Andreas Mundt, Präsident des Bundeskartellamts, will aufgrund der Entwicklung der Mineralölpreise die Marktteilnehmer deutlich stärker beobachten. Das könnte Auswirkungen auf die Meldepflicht Ihrer Mitglieder haben. Was halten Sie davon?
Herr Mundt soll das machen. Er hat damals die Untersuchung mit denKraftstoffpreisen an den Tankstellen durchgeführt und er kann jetzt gerne die anderen Teile der Wertschöpfungskette durchleuchten. Vielleicht hilft das, das Vertrauen in den Markt wiederherzustellen. Eine entsprechende Untersuchung würde zeigen, dass der Mineralölmittelstand nicht der Teil ist, der von hohen Kraftstoffpreisen profitiert. Die Meldepflicht bezüglich der Kraftstoffmengen, das ist ja schon in der Pipeline, lehnen wir ab. Irgendeinen praktischen Nutzen erkennen wir darin nicht.
Das ergibt sich auch nicht aus der geplanten Änderung des § 47 k GWB.

Das Thema Preise beschäftigt natürlich die Verbraucher. Das zweite große Thema ist die Versorgungssicherheit. Hat sich die Lage etwas beruhigt?
Es gab Tankstellen im Westen und Südwesten, also am Rhein entlang, die leergelaufen sind. Aber mit den steigenden Wasserpegeln hat sich die Lage soweit wieder entspannt.

Die Mineralölbranche steht bei einem weiteren Thema unter Druck: dem Ausbau der Elektromobilität. Wie steht der Mittelstand dazu?
Punkt eins: E-Mobilität ist nicht die Lösung für die Zukunft.
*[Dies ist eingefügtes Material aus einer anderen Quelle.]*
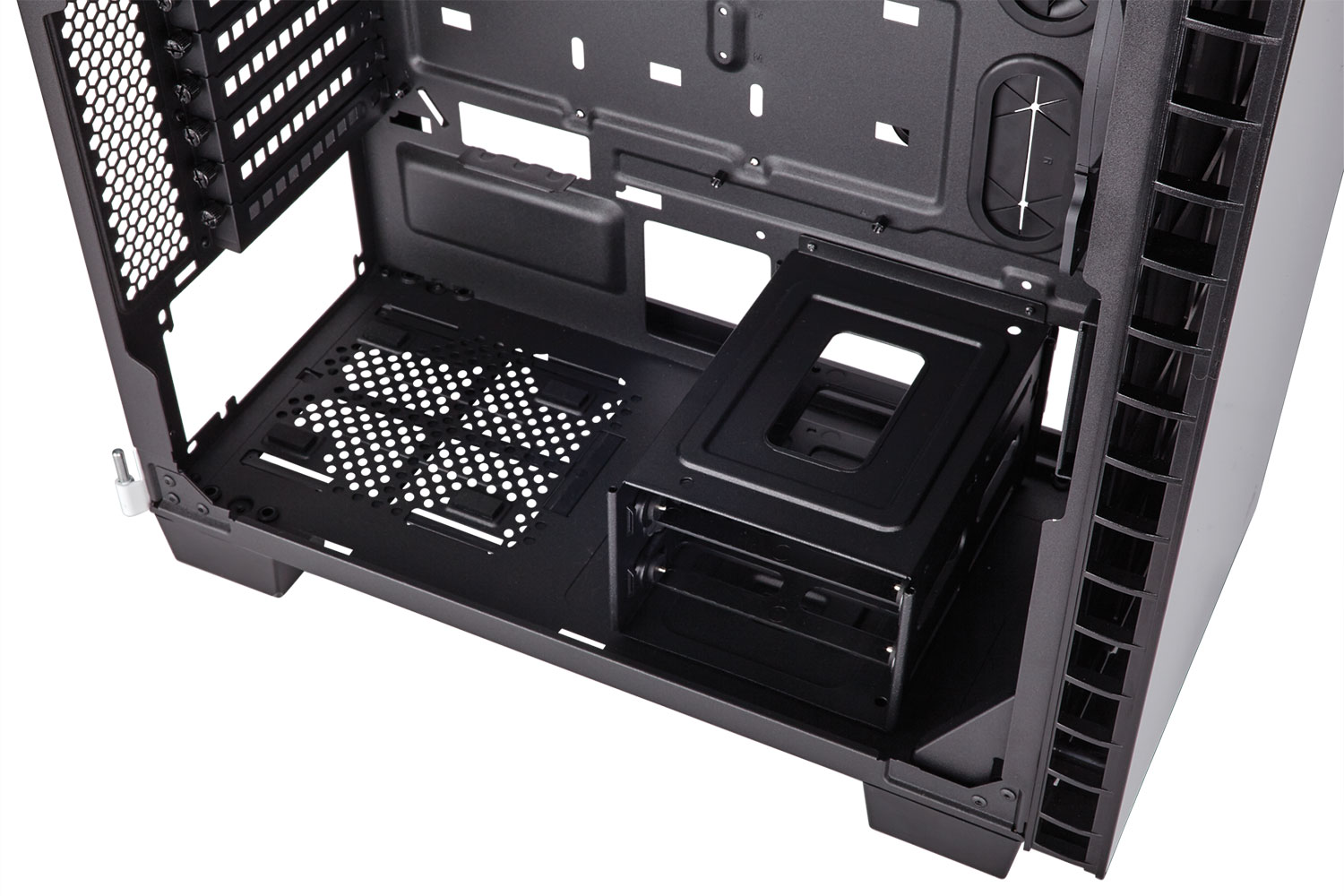 corsair computex 2016 carbide 400c case 25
Nicht aus Strommangel im Allgemeinen, sondern aus Mangel an grünem Strom in Deutschland, der ja für sehr viel mehr als nur für die Mobilität gebraucht wird.
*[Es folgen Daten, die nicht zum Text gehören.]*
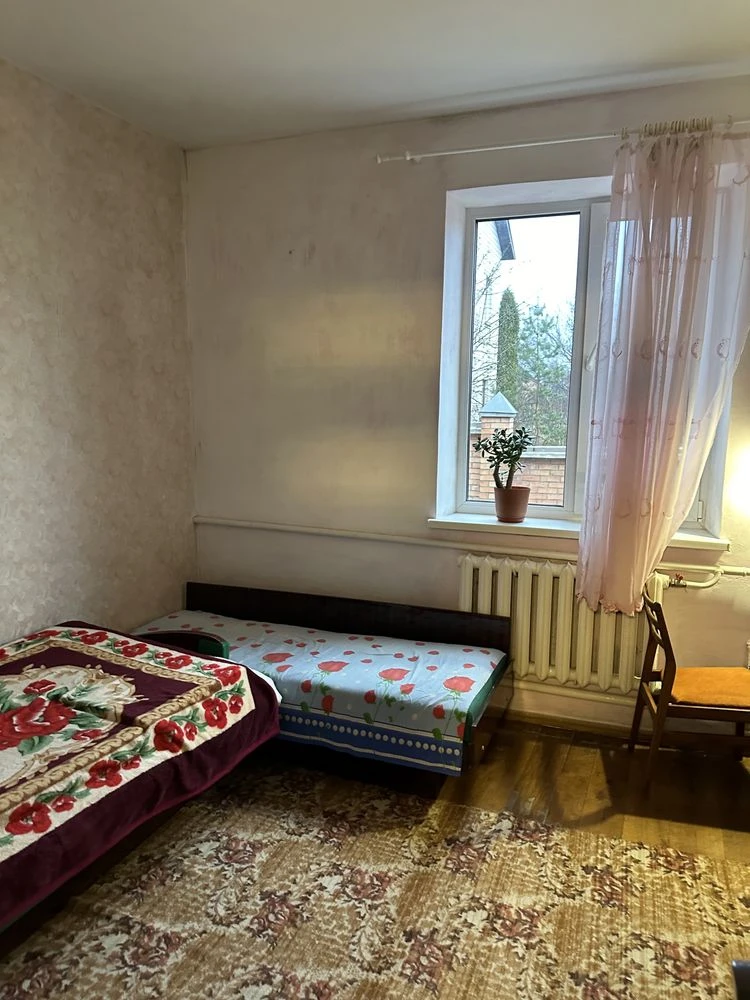Сдается комната в доме на Бучмах, улица Трублаини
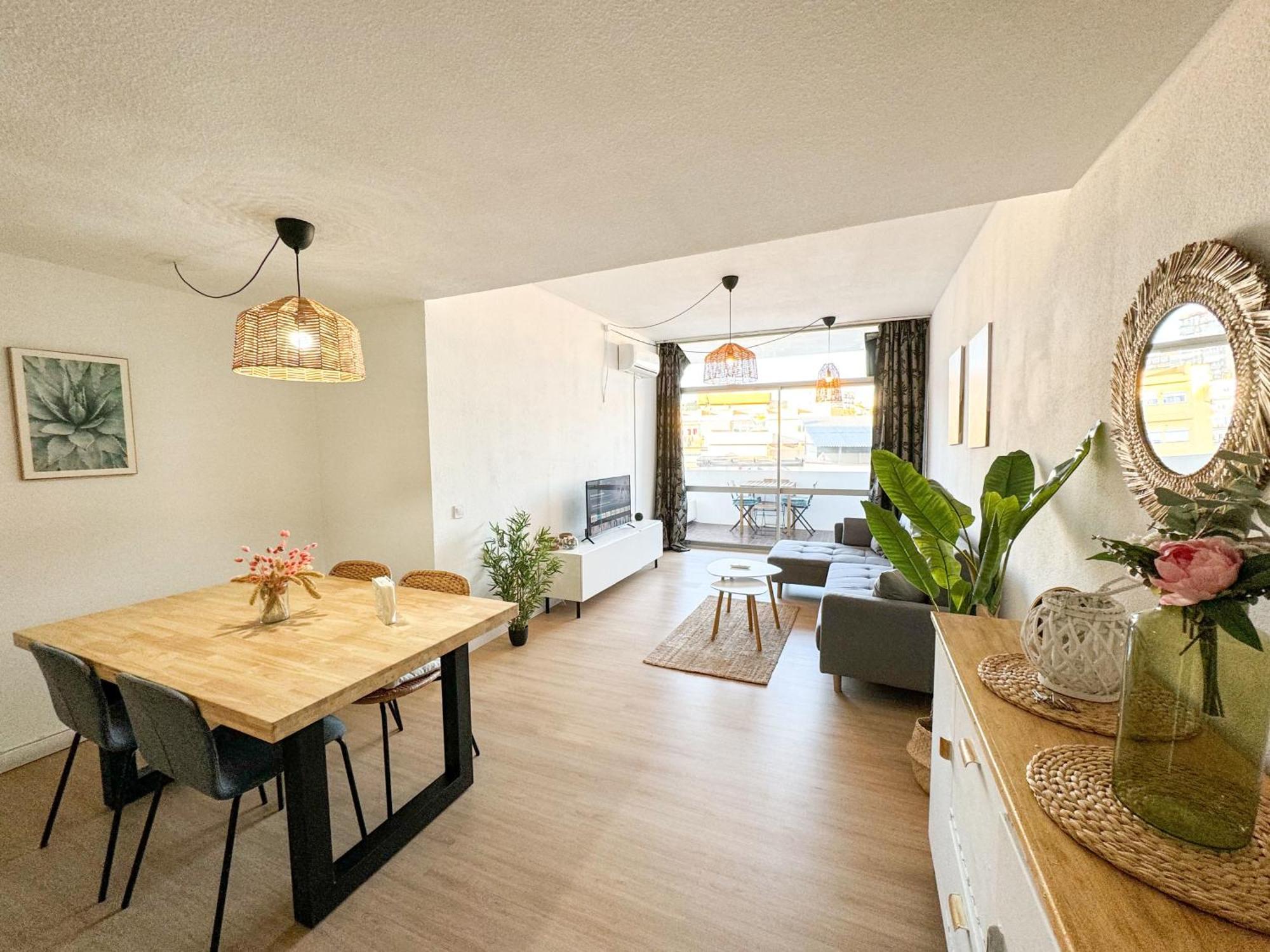 The Secret Of Torremolinos Comotucasa エクステリア 写真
Zweitens: Unabhängig davon wissen wir als Mittelstand genau, wie die Bedürfnisse unserer Kunden aussehen. Deswegen wollen wir zu fairen Bedingungen bei der E-Mobilität mitspielen. Das bedeutet, dass nicht Märkte von anderen Anbietern, also den Stromkonzernen, vorher unter sich aufgeteilt werden dürfen. Das Gefühl haben wir manchmal. Es sollten alle die gleichen Zugangsbedingungen haben. Natürlich gibt es auch einige große Konzerne aus unserer Branche, die massiv in Ladeinfrastruktur investieren, aber diese Unternehmen haben andere Budgets als unsere Mitglieder zur Verfügung.
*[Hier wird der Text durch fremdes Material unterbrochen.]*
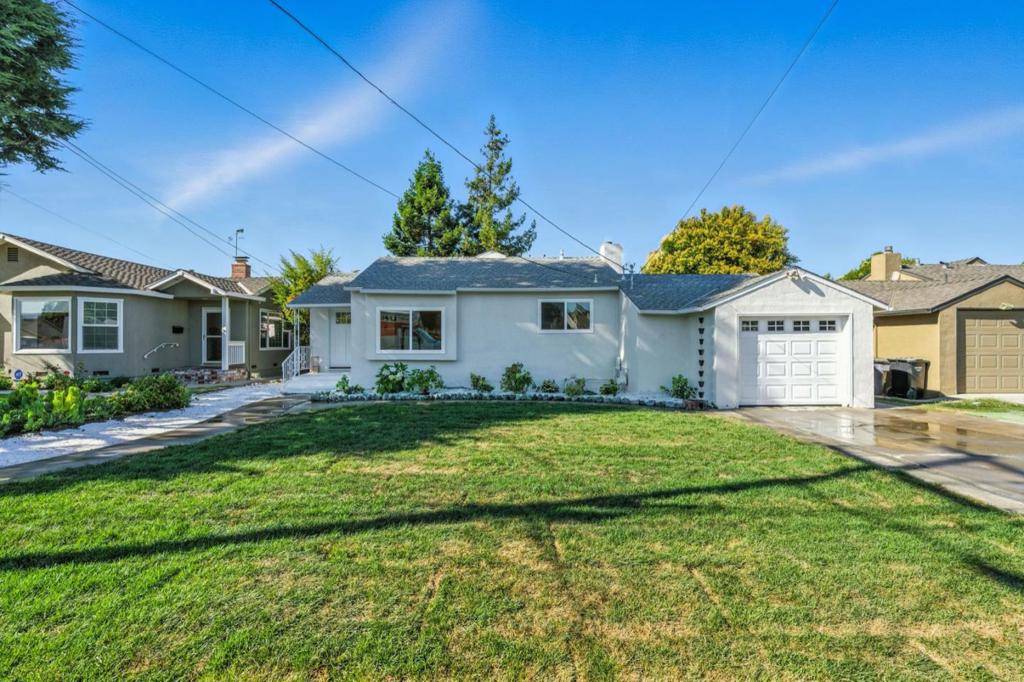 Sunnyvale, CA 94085,241 E Taylor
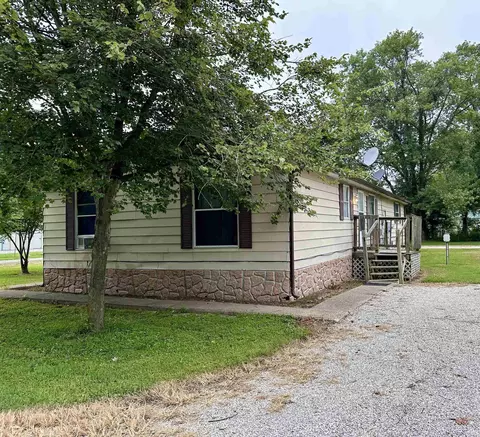 9404 W Cr 90 N, Richland, IN 47634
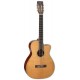 GUITARRA SEMI-ACÚSTICA TAKAMINE EF740FS-TT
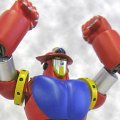 メカアクション系列 ブロッカー军団IVマシーンブラスター サンダイオー＆ボスパルダー 宫沢模型限定版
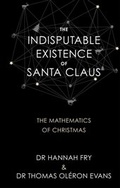 Cover: The Indisputable Existence of Santa Claus - Transworld Digital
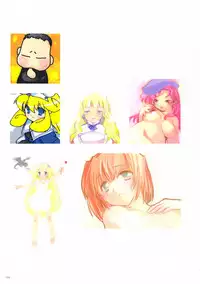 ALICESOFT CREATOR WORKS Vol.2 織音画集 -織音計画-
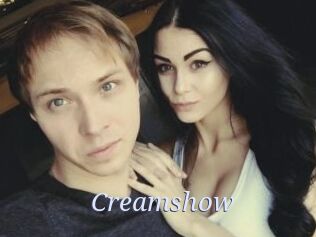 Creamshow
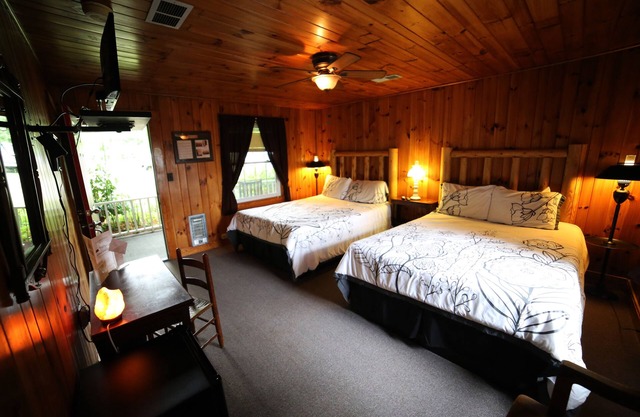Grandview Lodge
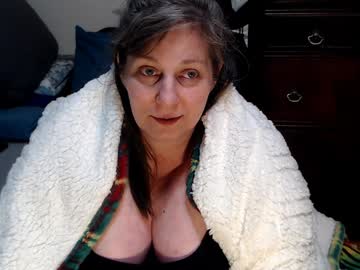 Scarlotta Chaturbate stream image from January 20, 2025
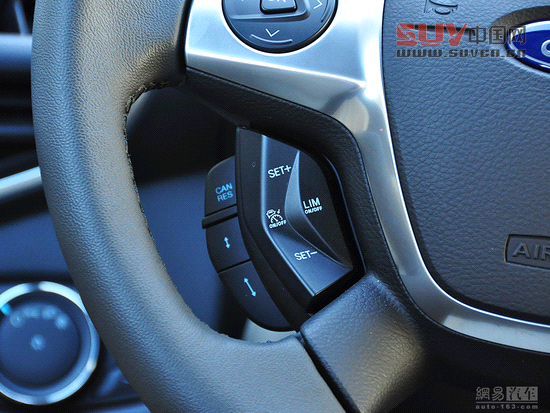 自適應巡航很重要 四款SUV車型供你選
Elektromobilität ist die Antriebsform, die den Verbrenner ersetzen soll. Der bft und sein Dachverband Mittelständische Energiewirtschaft Deutschland (MEW) setzen sich vor allem für einen technologieoffenen Ansatz ein, in dem E-Fuels eine deutlich wichtigere Rolle zukommen. Wo liegen hier die Vorteile von synthetischen Kraftstoffen?
Im Gegensatz zur Elektromobilität muss für E-Fuels keine neue Infrastruktur aufgebaut werden. Sie können in Tankschiffen aus den Ländern nach Europa transportiert werden, in denen ausreichend regenerative Energie aus Wind und Sonne für die Produktion zur Verfügung steht. Und auch hier können sie wie fossile flüssige Energieträger in Tanklagern aufbewahrt, in Tankkesselwagen transportiert und wie Diesel und Benzin an der Tankstelle vertrieben werden. In den Fahrzeugen sind ebenfalls keine Anpassungen an der Technik notwendig. Wir könnten E-Fuels also ganz normal im Kfz-Bestand tanken und damit nicht nur neu zugelassene Fahrzeuge CO2-neutral stellen, sondern auch die Bestandsflotte. Selbst als Beimischung hätten E-Fuels schon eine massive Auswirkung auf die Reduktion der CO2-Emissionen. Übrigens, weil das Thema immer wieder aufkommt: Die Effizienz spielt bei E-Fuels keine Rolle, weil sie da produziert werden, wo regenerative Energie im Überfluss zur Verfügung steht. Mehr dazu finden Interessierte auf der Website unserer Kampagne E-Fuel-Today (www.efueltoday.com).

Trotzdem steht die Politik dem Thema gerade in Brüssel kritisch gegenüber ...
Ja, leider und völlig unverständlich. Aktuell wird im Trilog beispielsweise über die Flottengrenzwerte verhandelt. Ein bisschen mache ich mir da schon Sorgen. Hier müssen wir noch massiv Aufklärungsarbeit über E-Fuels betreiben, um die Abgeordneten in Brüssel besser zu erreichen. Wir haben es zwar in Deutschland geschafft, dass es den Erwägungsgrund und die Review-Klausel gibt. Damit haben wir in Brüssel erreicht, dass die Türen für die Berücksichtigung von synthetischen Kraftstoffen bei den Flottengrenzwerten zumindest noch offenstehen. Jetzt müssen wir den Erfolg aber sichern. Da steht uns und unseren europäischen Vertretern UPEI und FETSA noch viel Arbeit bevor. Letztendlich geht es uns ja nur um eines: um Technologieoffenheit mit Augenmaß statt Ideologie.